I am planning on scheduling a trip for a weekend when the tarpon fishing should be better either with him or someone else in FL. We happened to be in Tampa for a wedding, so that's how we ended up fishing there. Where would the ideal location be for planning another trip? Keys? Boca Grande? Or back to Tampa?


----------



## reddrum

I'll 2nd Mark Bennett. He put us on a lot of tarpon when no one else in the area was. He knows his stuff.


----------



## marc

*where and when*

Bennett can put you on fish anytime of the year outa Boca. He says his favorite time is later in the summer when most give up on tarpon fishing. Zero pressure means happy fish. Tarponsnook.com

I'll go ahead and second Thinktarpon.com. We jumped 30 fish with captain Jim Bourbon in June a few years back. He works together with captain Alex. Bahia Honda is great from May and June.


----------



## stuhastings

Capt. Gavett Tuttle out of Miami/Ft. Lauderdale area, www.backformore.com . Went with him last May and landed 3 sails, numerious snook and 4-80 lbs plus tarpon on an afternoon/evening trip out of Miami. Super guide, one of the best trips I have ever booked.


----------



## dmharris

what is the key to landing the big Tarpon? I have fished Pine Island and Cabbage Key in SW Florida, I never had a guide just family friends. I have hooked up 4 monsters with live pin fish and worked them for hours just to get them 5 feet from the boat then have them jump 4 feet and smile and spit my bait out. VERY FRUSTRATING!!!


----------



## Scott

dmharris said:


> what is the key to landing the big Tarpon? I have fished Pine Island and Cabbage Key in SW Florida, I never had a guide just family friends. I have hooked up 4 monsters with live pin fish and worked them for hours just to get them 5 feet from the boat then have them jump 4 feet and smile and spit my bait out. VERY FRUSTRATING!!!
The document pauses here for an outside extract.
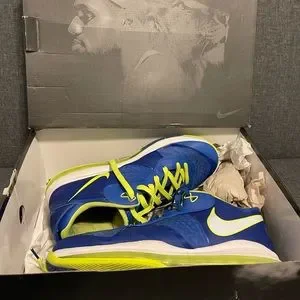 Nike Lebron VIII V/2 Low QS Treasure Blue/White Men’s Size 11.5 Used Nike Lebron VIII V/2 Low QS Sprite Treasure Blue/White  main image 3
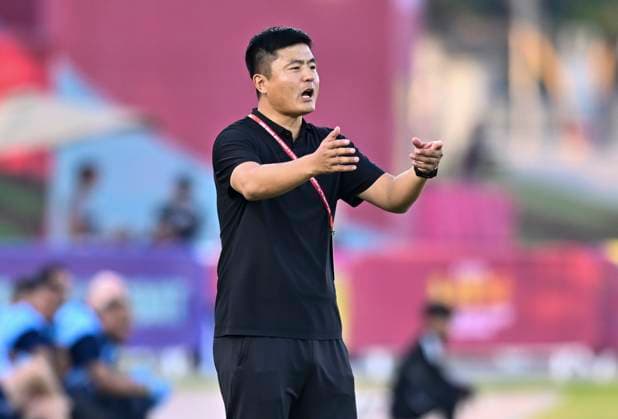 Germany v Korea DPR : Group G - FIFA U-17 World Cup Qatar 2025 Chol Min Rim, head coach of Korea DPR,react during the FIFA U-17 World Cup Qatar 2025 Group G match between Germany and Korea DPR in Doha, Qatar, on November 7, 2025. DOHA Qatar Copyright: xNOUSHADx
If you are really interested in tarpon fishing, you should really invest in hiring a guide for at least one trip. There are too many things about tarpon fishing that can't be explained in an email or posting. Hire a guide, watch, listen and learn. It will benefit everybody. There is a good chance you are doing some things that could hurt others who are fishing around you and you just don't know. It's not "rocket science" but at the same time, there are lot of things you wouldn't think of on your own.

Also, if you hire the guide more than once and over a period of time, he'll get to know you, trust you and probably help you even more. It's all a matter of investment.....


----------



## Miles2Fish

I woudn't think Forida for both those species.....Marlin, my number one recommendation would be Panama Sport Fishing Lodge. If you want to be in Florida and catch Tarpon and aren't a fly fisherman...the best numbers and odds for tarpon is Boca Grande pass starting in May and running through July.....


----------



## henry-dean

If you are looking for Tarpon, my friend Captain Campbell Burton works from Boca Grande but will chase fish up to Tampa (left coast of Florida). His number is 941-276-0997. And just like Miles2Fish said, may to july are your best Tarpon times.

If you want some Florida marlin, your best bet is the Miami, Ft. Lauderdale area or down to the Keys.


----------